Dari sekian banyak tokoh yang ada dalam novel ini, saya tertarik dengan dua tokoh perempuan antagonis yaitu Francine Whiting dan Janine Roby. Francine adalah janda dari pengusaha nomor wahid di Empire Falls bernama Charles Beaumont Whiting (a.k.a ‘C.B. Whiting’) yang bunuh diri di rumahnya sendiri saat kembali dari Meksiko. Francine mengetahui perselingkuhan C.B. Whiting dengan Grace Roby, Ibu dari Miles Roby. Sejak saat itulah Francine membalaskan dendam atas pengkhianatan terhadap dirinya dengan ‘mengontrol’ kehidupan dua sejoli tersebut dan membuat mereka berdua menderita oleh cinta yang tidak bisa dipersatukan. Lain halnya dengan Janine, ia adalah istri dari Miles Roby yang pada akhirnya memutuskan untuk bercerai sejak ia kehilangan banyak berat badannya karena diet ketatnya yang sukses. Badannya yang kembali muda dan langsing bukanlah faktor utama dari perceraian mereka, tetapi karena Janine merasa tidak bahagia akan pernikahannya dengan Miles. Miles adalah sosok yang pasif, baik secara seksual maupun secara emosional. Selama lebih dari 20 tahun usia perkawinan mereka, Janine tidak pernah sekalipun merasakan orgasme dan terpuaskan secara seksual. Sikap dingin Miles yang selalu diam dan tidak pernah marah pun menguatkan pendapat Janine bahwa sebenarnya Miles tidak pernah sungguh-sungguh mencintainya.

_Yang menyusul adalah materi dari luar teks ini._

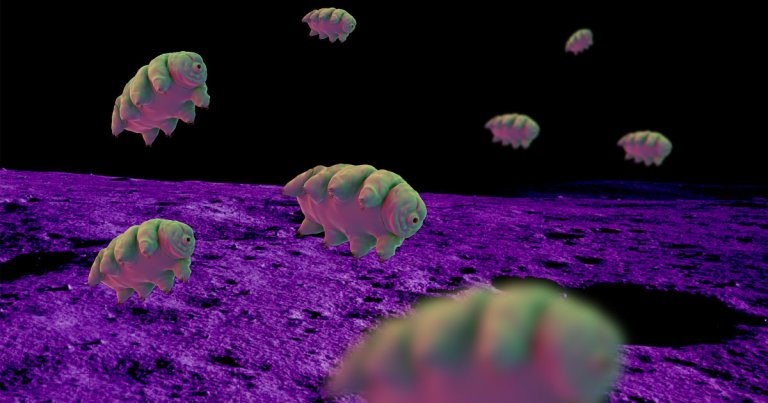 Israeli lunar lander Beresheet crashed onto the surface of the Moon on April 11 spilling thousands of dehydrated "water bears" or tardigrades.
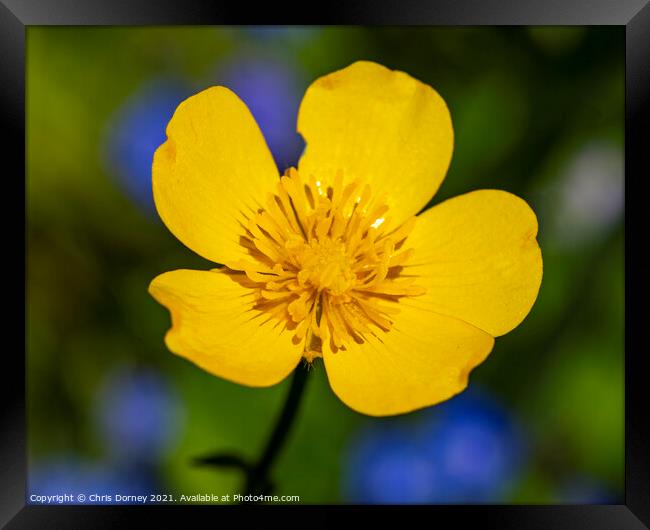 Creeping Buttercup Framed Print by Chris Dorney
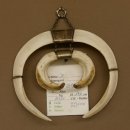 Keilerwaffen Wildschweinwaffen (Sus scrofa) 3 er Set Trophäe Keiler Gewaff Hauer max. 25 cm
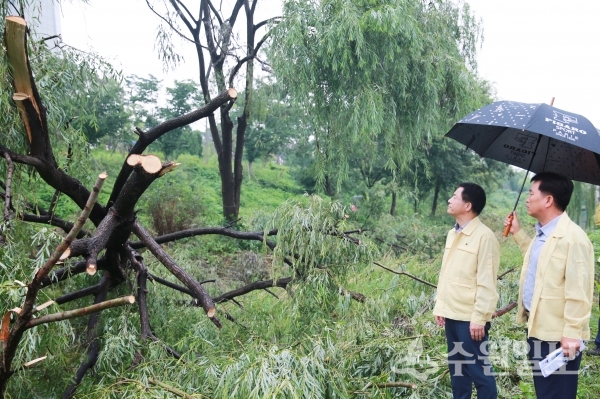 이병규(왼쪽) 장안구청장이 9일 태풍으로 쓰러진 나무를 확인하고 있다.(사진=장안구)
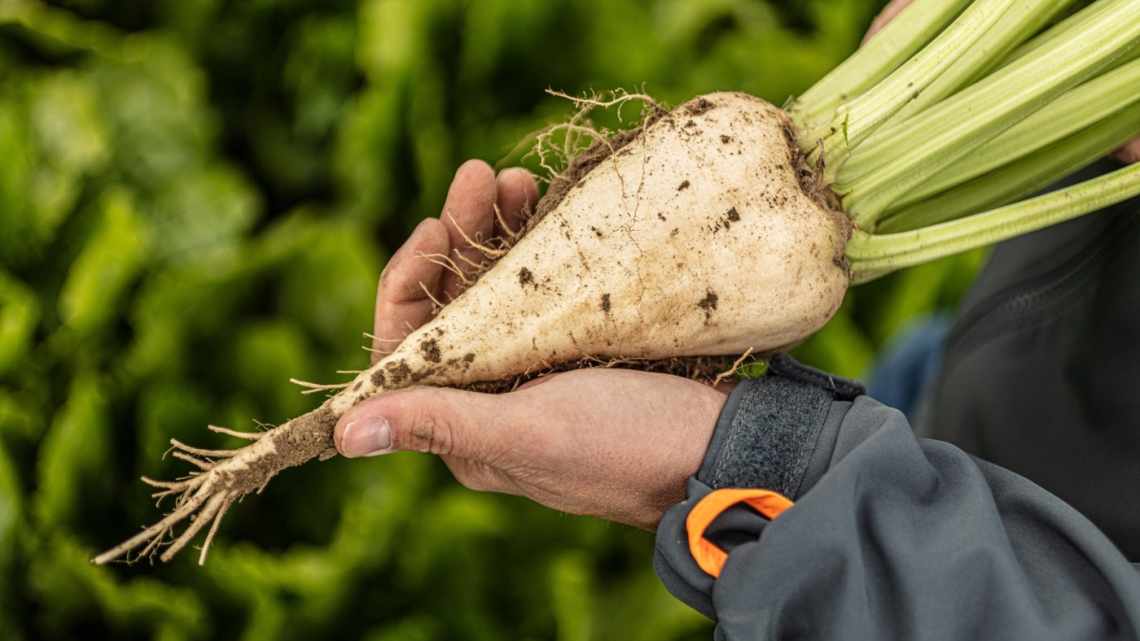 Можно ли сажать чеснок после свеклы?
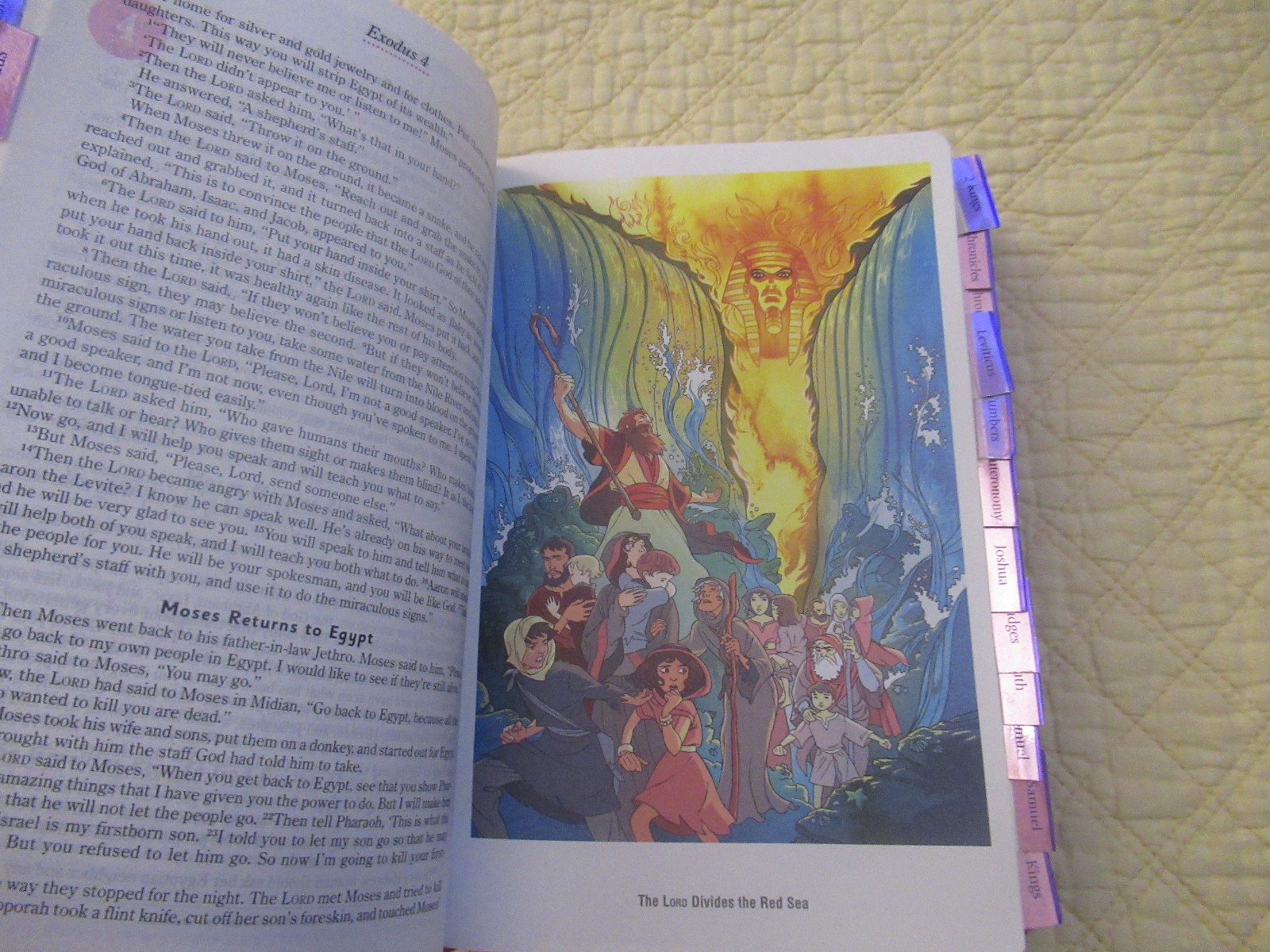 God’s Word for Girls (Pink Faux Leather Bound) (God’s Word Translation)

Yang membuat saya tertarik kepada dua tokoh ini adalah bagaimana sang penulis menggambarkan dan menghidupkan mereka dalam cerita justru dengan karakter antagonis. Lebih dari itu, saya melihat bahwa sesungguhnya merekalah yang menjadi korban. Hal ini terlihat dari bagaimana Russo memposisikan para perempuan tersebut sebagai oposisi dari para ‘subjek’ (para suami) yaitu menjadi ‘objek’. Saya melihat bahwa para perempuan ini bukan beroposisi secara langsung dengan para suaminya melainkan dengan konsep maskulinitas Russo sendiri; tentu melalui perantara tokoh C.B. Whitting dan Miles Roby. Para perempuan ini digambarkan sebagai ‘pembangkang’, bernasib buruk, dan tidak bahagia, karena mereka tidak menaati konsep gender sebagai determinasi sosial dimana laki-laki sebagai pihak yang lebih bebas dalam menentukan pilihan, juga otoritas laki-laki menentukan konsep “rumah tangga ideal”, dengan kata lain kebahagiaan para laki-laki adalah kebahagiaan rumah tangga. Egosentrisme seperti ini membelenggu keinginan istri sebagai individu, yang tentu saja memiliki konsep kebahagiaan sendiri. Francine dan Janine adalah dua perempuan dengan pemikiran yang berbeda, dimana Francine yang lebih tua cenderung sebagai second-wave feminist dan Janine generasi yang lebih muda sebagai post-feminist. Mereka berdua adalah representasi perempuan dari jaman ke jaman; masa lalu (awal tahun 60an) saat pemikiran feminis menuntut egaliter, juga feminis masa kini yang sudah berasimilasi dengan determinasi sosial. Analisis saya fokus kepada penggambaran karakter antagonis Janine Roby dan Francine Whiting yang dibentuk melalui pandangan maskulinitas Russo sebagai refleksi ketidakadilan determinasi sosial terhadap perempuan.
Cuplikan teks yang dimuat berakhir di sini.